Granted, Trae Young played a full season at Oklahoma, while Sharife Cooper only played 12 games this season for the Auburn Tigers. but I think it is important to bring Trae Young up and what he did in these playoffs when assessing Cooper’s potential. Now, I’m not saying that Cooper is for sure going to be ‘the next Trae Young,’ but both play with similar styles. I think it is important to bring Trae Young up though and what he did in these playoffs when assessing Sharife Cooper’s potential. In a pick-and-roll-centric league, Young dominated each and every one of his NBA opponents with his supreme blend of playmaking and scoring in that regard. Cooper could possibly be the best pick-and-roll playmaker in this draft outside of Cade Cunningham, but he needs to improve as a shooter to maximize his potential. We’ll talk about that later. But what may be stood out the most to me watching Trae in the playoffs was how he was able to survive on the defensive end of the floor.

I think this is the most important piece of this conversation. The expectation from many, including myself, was for Trae Young to get massacred on the defensive end of the floor. That simply did not happen. Young was mostly able to hide on spot-up shooters, hedge when forced to come up in ball-screens and fight to not relinquish his plush defensive duties while the Hawks’ primary defender fought to get back to his man. On top of that, even when the offense won this power struggle, Young was adequate enough to be far from bbq chicken. This stop on Finals MVP Giannis Antetokounmpo will forever ring in my mind to give Young his respect as a defender in the postseason because he stepped up to the challenge, despite his diminutive size at 6’1” 180 pounds.

As luck would have it, Sharife Cooper’s size is comparable to Young’s at… 6’1” 180 pounds! On top of that, the times I’ve seen Cooper play, he gets after it defensively. Cooper moves his feet well and has good hands to get steals and deflections. Cooper is not afraid of withstanding contact either. This play is a great example.

Cooper is right there with Devontae Shuler of Ole Miss, a talented scorer in his own right, matching Shuler stride for stride to give him a solid contest at the rim. This was not an isolated incident, either. No one is going to mistake Cooper for Marcus Smart or Jrue Holiday as a defender, but to me, he showed more often than not he’s up to the task defensively and could stay on the floor in pressured situations, especially if he’s asked to hide on lesser offensive players the way Young was.

Where Sharife Cooper needs to make up ground, however, is his shooting.

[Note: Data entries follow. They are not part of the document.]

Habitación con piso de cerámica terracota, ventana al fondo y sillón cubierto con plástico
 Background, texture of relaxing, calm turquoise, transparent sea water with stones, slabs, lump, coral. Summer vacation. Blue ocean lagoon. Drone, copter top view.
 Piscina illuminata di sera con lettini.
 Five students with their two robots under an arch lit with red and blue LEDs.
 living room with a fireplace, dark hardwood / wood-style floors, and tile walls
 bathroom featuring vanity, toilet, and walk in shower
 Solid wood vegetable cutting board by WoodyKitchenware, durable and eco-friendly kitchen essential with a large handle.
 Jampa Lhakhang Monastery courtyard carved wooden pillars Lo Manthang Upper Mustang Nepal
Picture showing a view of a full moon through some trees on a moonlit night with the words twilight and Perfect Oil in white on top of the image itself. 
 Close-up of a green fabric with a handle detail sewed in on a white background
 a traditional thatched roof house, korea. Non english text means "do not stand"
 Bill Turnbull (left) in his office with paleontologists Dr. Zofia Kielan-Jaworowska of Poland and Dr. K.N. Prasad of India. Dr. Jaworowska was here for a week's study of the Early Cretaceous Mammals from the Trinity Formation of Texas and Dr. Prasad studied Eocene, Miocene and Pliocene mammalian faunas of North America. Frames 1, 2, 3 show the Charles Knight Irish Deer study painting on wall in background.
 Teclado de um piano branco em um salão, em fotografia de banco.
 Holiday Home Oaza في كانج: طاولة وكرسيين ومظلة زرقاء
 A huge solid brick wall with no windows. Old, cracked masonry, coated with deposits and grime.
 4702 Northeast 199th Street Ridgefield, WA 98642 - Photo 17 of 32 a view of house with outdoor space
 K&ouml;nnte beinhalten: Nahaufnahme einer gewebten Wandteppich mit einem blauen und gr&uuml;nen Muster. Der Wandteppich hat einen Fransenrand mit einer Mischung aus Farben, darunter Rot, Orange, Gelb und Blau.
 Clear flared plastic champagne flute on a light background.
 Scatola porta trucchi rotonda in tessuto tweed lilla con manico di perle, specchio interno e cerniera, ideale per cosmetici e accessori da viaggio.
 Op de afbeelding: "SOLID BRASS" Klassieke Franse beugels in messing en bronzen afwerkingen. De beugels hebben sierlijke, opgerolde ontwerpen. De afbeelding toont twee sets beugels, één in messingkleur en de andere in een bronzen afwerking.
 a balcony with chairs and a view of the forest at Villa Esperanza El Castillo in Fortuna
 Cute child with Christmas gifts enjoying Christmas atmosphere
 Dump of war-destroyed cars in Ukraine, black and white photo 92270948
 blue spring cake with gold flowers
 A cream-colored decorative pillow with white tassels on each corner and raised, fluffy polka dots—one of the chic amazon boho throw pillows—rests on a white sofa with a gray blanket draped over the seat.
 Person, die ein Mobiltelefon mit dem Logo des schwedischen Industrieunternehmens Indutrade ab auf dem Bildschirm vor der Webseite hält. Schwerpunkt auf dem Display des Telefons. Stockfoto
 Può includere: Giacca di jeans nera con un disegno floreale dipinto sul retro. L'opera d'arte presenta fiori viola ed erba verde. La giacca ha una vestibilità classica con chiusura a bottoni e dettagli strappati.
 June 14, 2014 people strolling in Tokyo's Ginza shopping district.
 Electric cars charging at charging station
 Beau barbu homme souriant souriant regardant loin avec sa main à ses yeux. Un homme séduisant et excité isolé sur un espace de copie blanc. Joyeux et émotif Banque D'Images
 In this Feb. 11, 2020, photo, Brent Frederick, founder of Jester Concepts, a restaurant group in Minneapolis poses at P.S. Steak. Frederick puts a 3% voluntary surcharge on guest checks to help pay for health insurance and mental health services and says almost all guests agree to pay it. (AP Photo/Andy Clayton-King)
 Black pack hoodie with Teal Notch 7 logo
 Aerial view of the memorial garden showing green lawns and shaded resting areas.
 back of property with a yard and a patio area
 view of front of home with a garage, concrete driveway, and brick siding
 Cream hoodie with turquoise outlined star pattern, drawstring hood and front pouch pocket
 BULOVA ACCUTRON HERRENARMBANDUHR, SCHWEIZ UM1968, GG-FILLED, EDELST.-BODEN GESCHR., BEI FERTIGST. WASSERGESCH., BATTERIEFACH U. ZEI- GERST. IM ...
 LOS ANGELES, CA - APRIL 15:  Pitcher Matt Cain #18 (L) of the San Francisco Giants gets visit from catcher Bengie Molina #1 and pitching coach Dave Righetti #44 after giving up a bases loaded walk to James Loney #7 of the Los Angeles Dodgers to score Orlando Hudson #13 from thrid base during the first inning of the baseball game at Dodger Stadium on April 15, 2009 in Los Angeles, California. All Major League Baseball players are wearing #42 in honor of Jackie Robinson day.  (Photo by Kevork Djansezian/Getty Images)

We all knew Young could scorch the earth from distance while at Norman and uses that to his advantage in the NBA to get to his patented floater. Cooper does not have that same luxury. He shot just 22.8% from deep at Auburn this past season. The advanced numbers don’t paint a rosy picture either. According to Bleacher Report’s Jonathan Wasserman, Cooper generated less than 0.7 points per possession when shooting off the dribble this season. Whether his defenders would get caught on screens or they’d go under, Cooper simply didn’t make defenses pay when he got cut off from the paint. 

I think Sharife Cooper can improve as a shooter and finisher, though. Cooper did shoot 82.5% from the free-throw line this season, which has been a better indicator of shooting success over the years than three-point percentages. Though floaters are not there in his bag quite yet, he’s shown he does have soft touch around the rim.

We’ve also seen plenty of instances where guys enter the league not known as shooters only to improve once they’re coached up and have more time to focus solely on basketball. Guys like Lonzo Ball, Kawhi Leonard, Jaylen Brown, and plenty others are just a few examples. Cooper is not a great shooter right now, but it certainly is an area where others have improved, and Cooper has a baseline to get better to be a threat from the outside.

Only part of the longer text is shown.